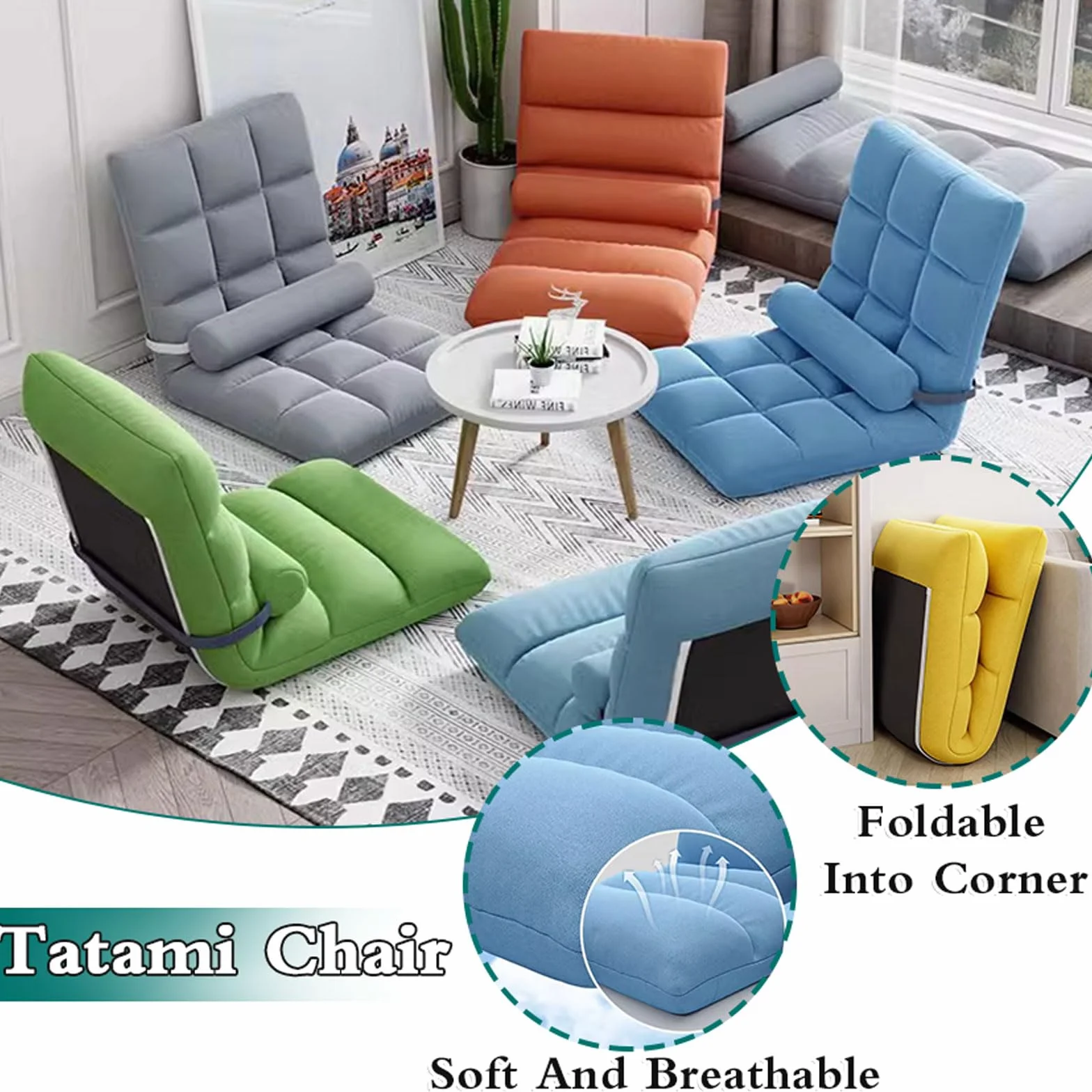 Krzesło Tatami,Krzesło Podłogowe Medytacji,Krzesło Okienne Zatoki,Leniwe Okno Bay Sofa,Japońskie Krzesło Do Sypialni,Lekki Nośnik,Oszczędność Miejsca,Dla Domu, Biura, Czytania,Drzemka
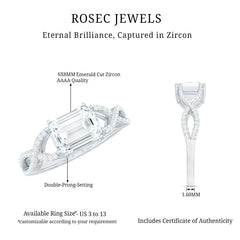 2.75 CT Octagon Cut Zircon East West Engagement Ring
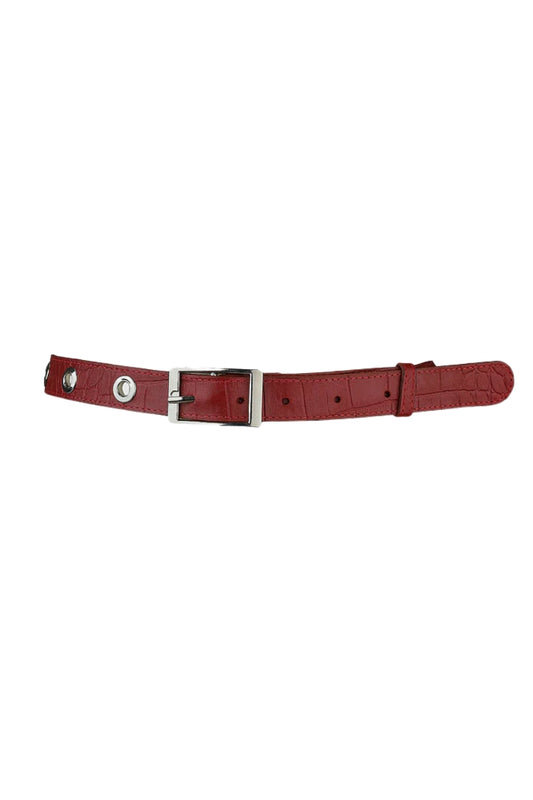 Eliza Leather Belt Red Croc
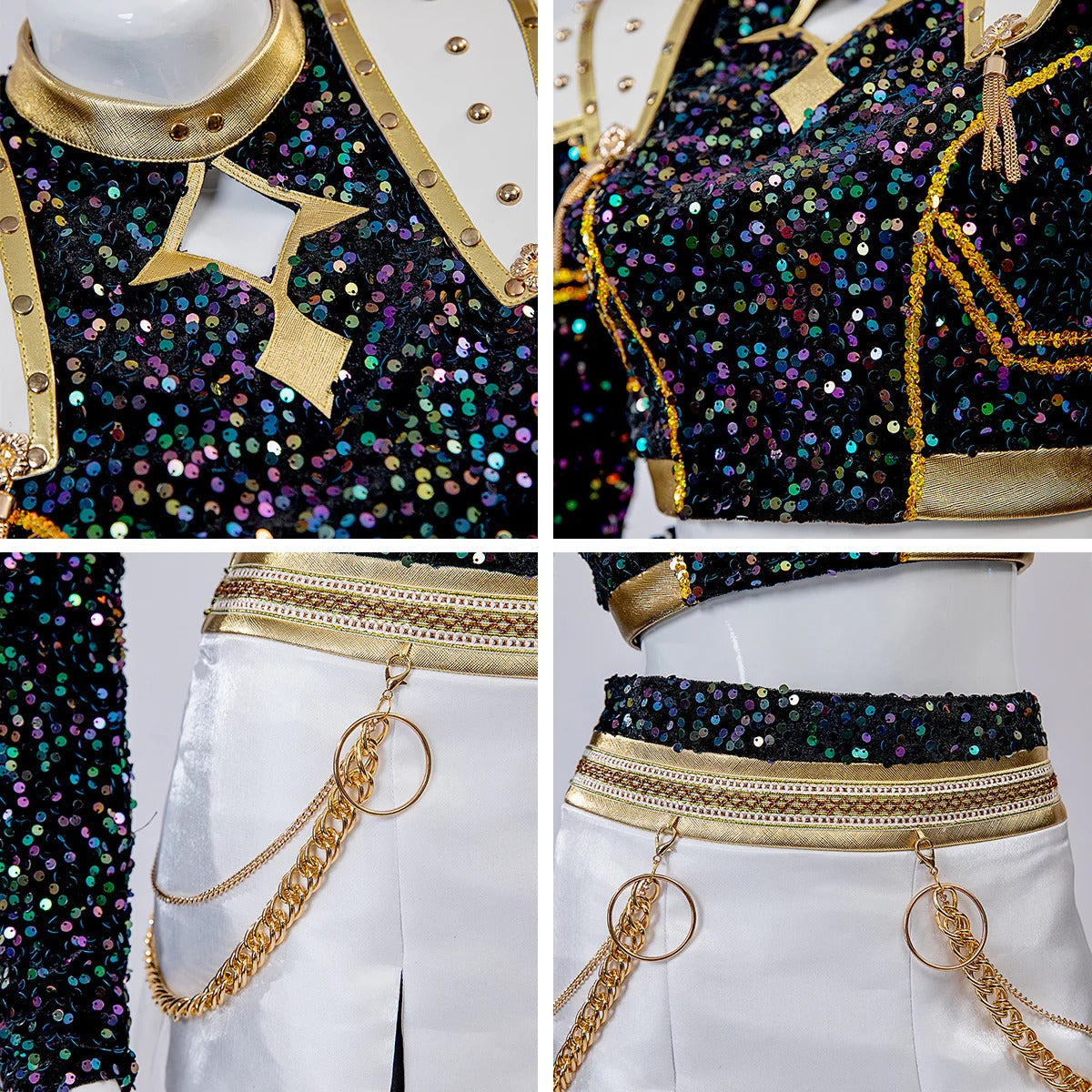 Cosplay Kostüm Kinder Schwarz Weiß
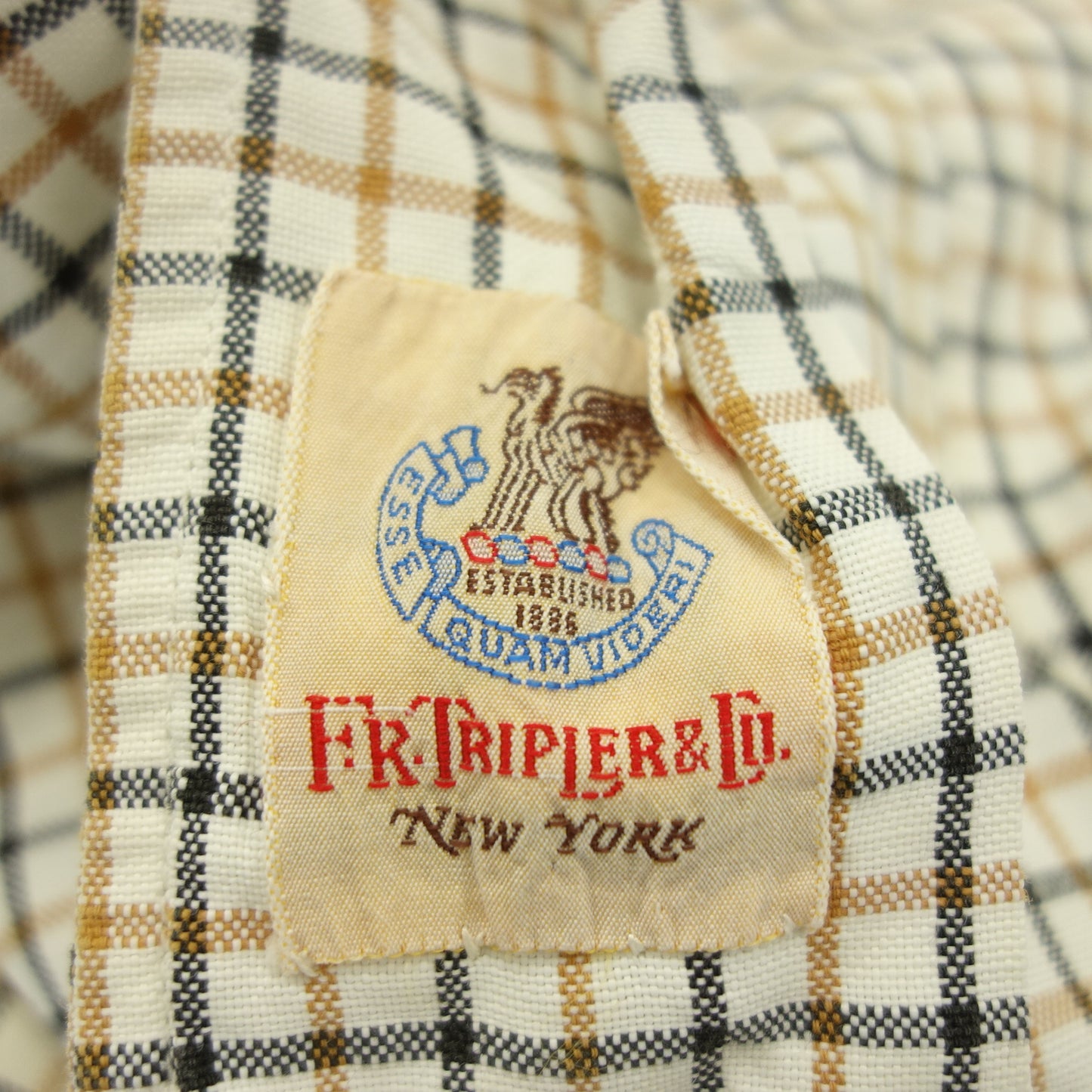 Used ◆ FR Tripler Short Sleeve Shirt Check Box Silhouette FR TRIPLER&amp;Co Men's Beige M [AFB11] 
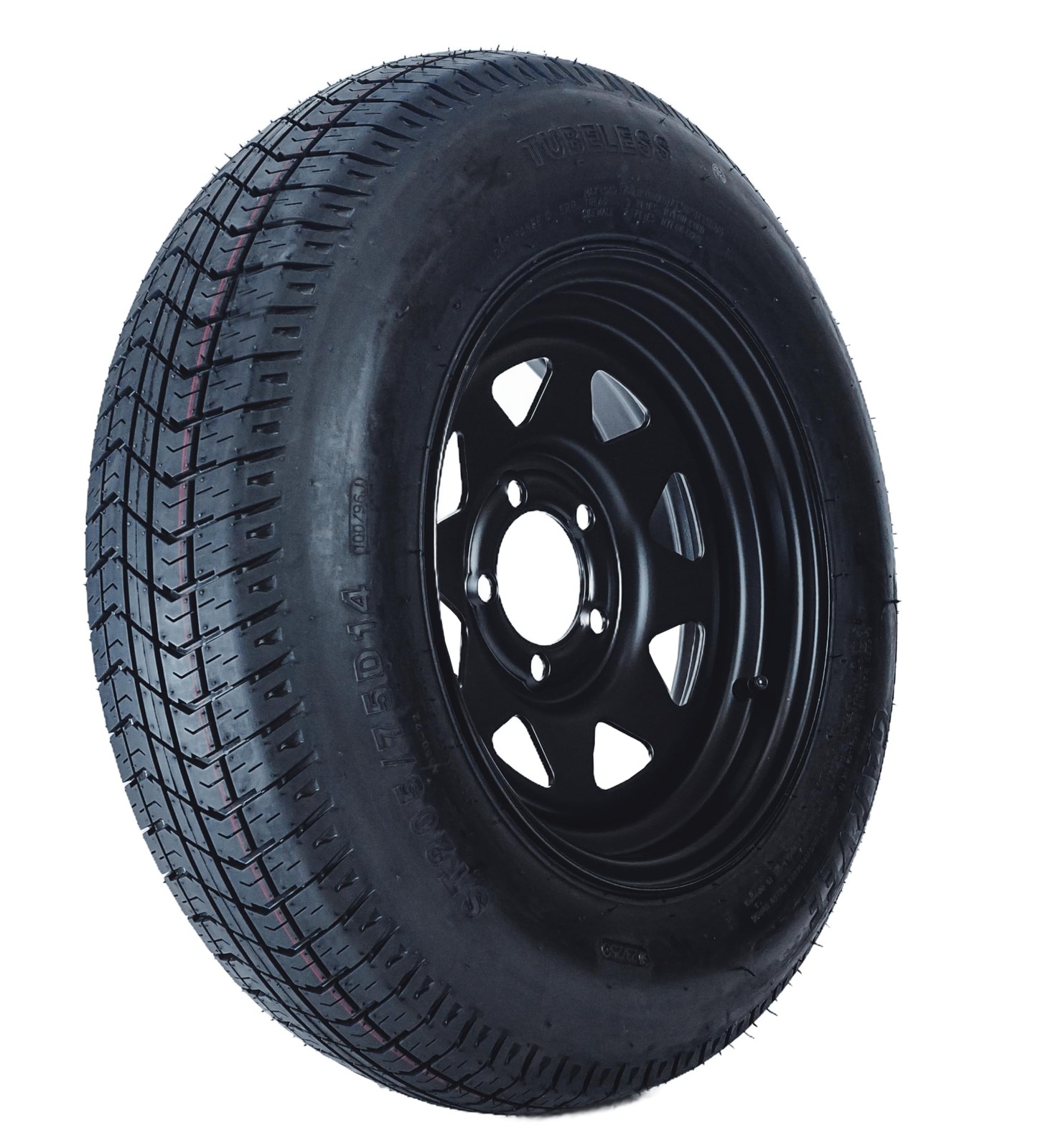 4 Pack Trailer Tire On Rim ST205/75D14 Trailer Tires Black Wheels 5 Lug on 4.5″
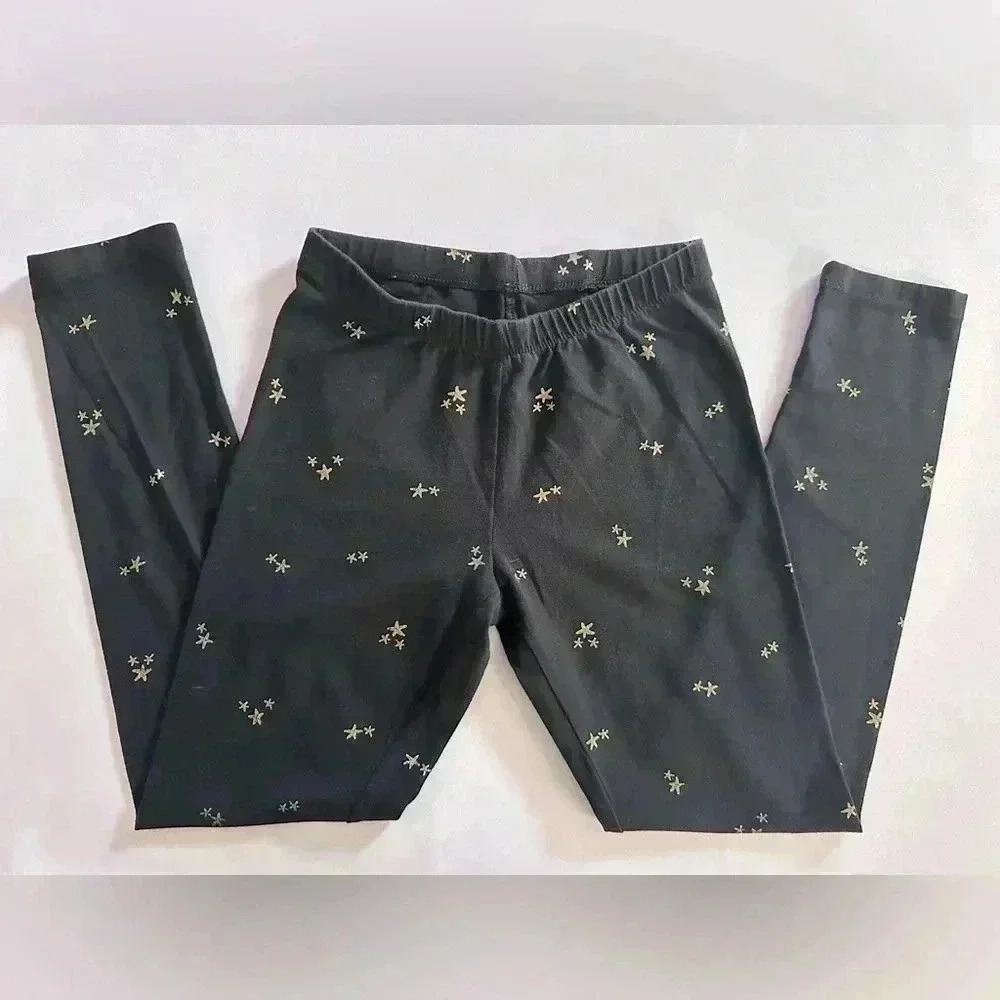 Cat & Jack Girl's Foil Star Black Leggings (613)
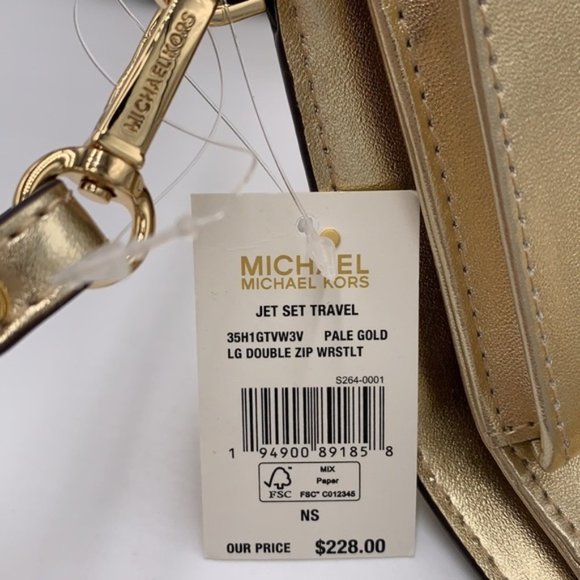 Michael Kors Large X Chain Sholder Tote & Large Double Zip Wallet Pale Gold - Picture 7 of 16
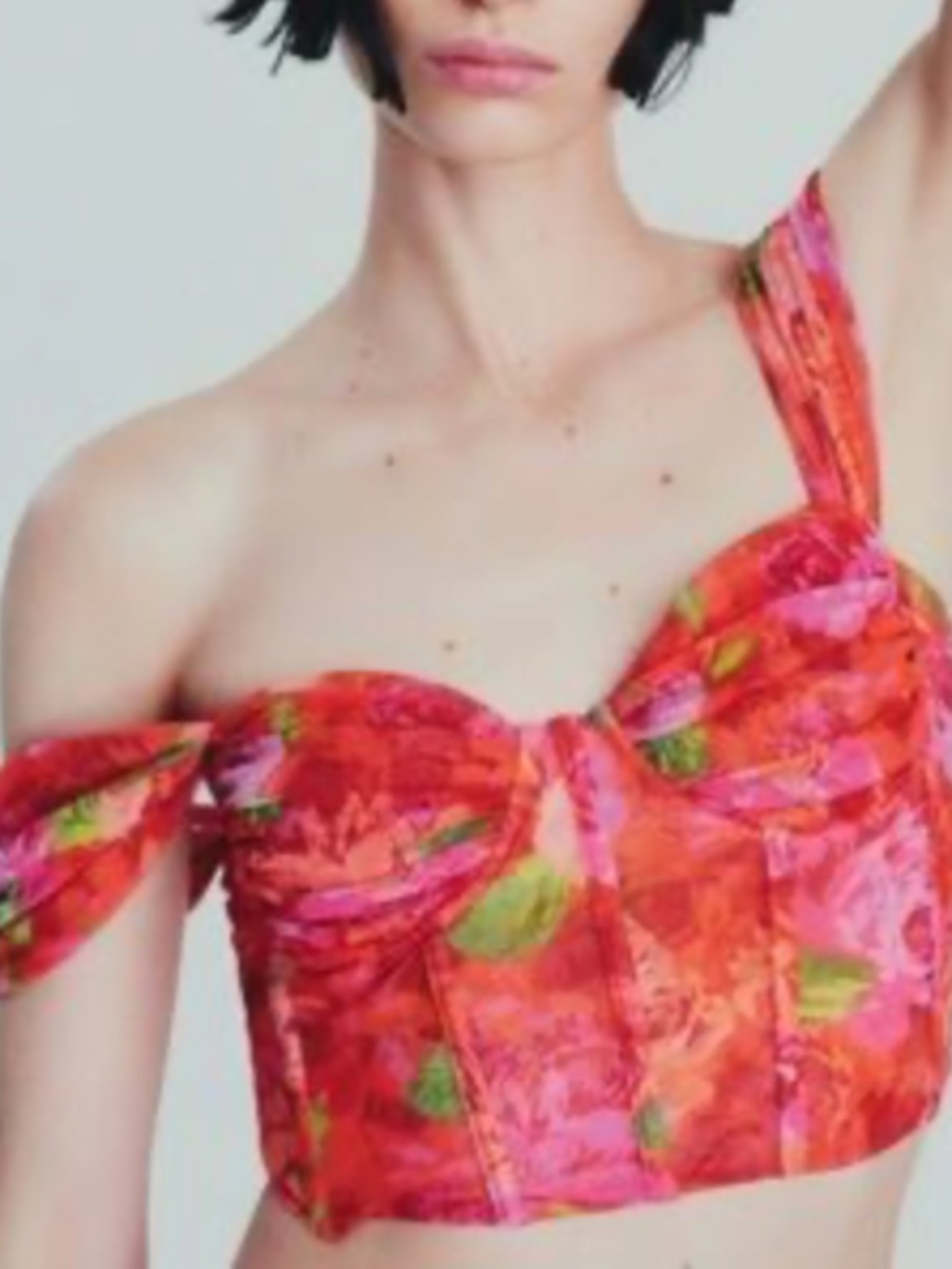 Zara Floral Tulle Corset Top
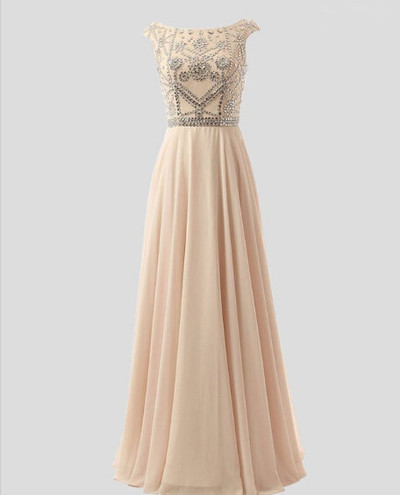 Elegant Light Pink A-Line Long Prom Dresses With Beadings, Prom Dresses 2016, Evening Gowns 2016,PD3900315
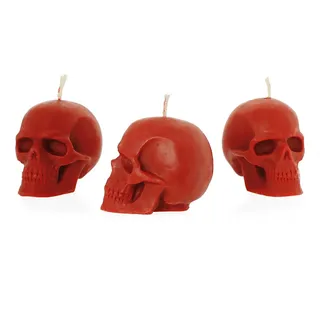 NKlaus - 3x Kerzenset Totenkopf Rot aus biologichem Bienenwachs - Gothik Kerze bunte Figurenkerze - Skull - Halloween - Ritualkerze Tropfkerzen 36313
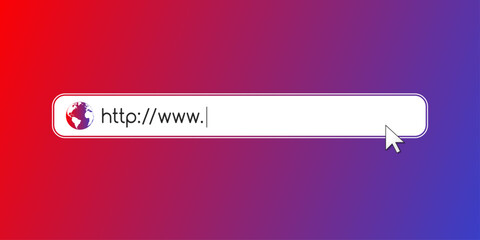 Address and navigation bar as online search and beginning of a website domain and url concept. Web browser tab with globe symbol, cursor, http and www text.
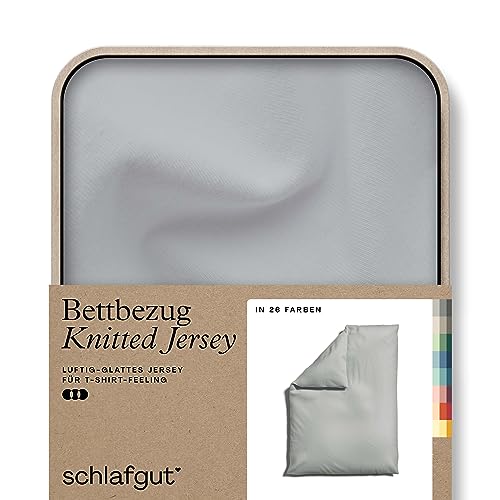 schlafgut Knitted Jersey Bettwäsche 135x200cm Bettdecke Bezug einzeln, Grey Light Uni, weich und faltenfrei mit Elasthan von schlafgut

- - -

▶ WHAT TO DO: Return exactly the lines starting at the line with "Michael Kors Large" and ending at the last line of the listing, both ends included; pictures are to be left out.

▶ RESULT OF THE TASK:
 Michael Kors Large X Chain Sholder Tote & Large Double Zip Wallet Pale Gold - Picture 7 of 16
 Zara Floral Tulle Corset Top
 Elegant Light Pink A-Line Long Prom Dresses With Beadings, Prom Dresses 2016, Evening Gowns 2016,PD3900315
 NKlaus - 3x Kerzenset Totenkopf Rot aus biologichem Bienenwachs - Gothik Kerze bunte Figurenkerze - Skull - Halloween - Ritualkerze Tropfkerzen 36313
 Address and navigation bar as online search and beginning of a website domain and url concept. Web browser tab with globe symbol, cursor, http and www text.
 schlafgut Knitted Jersey Bettwäsche 135x200cm Bettdecke Bezug einzeln, Grey Light Uni, weich und faltenfrei mit Elasthan von schlafgut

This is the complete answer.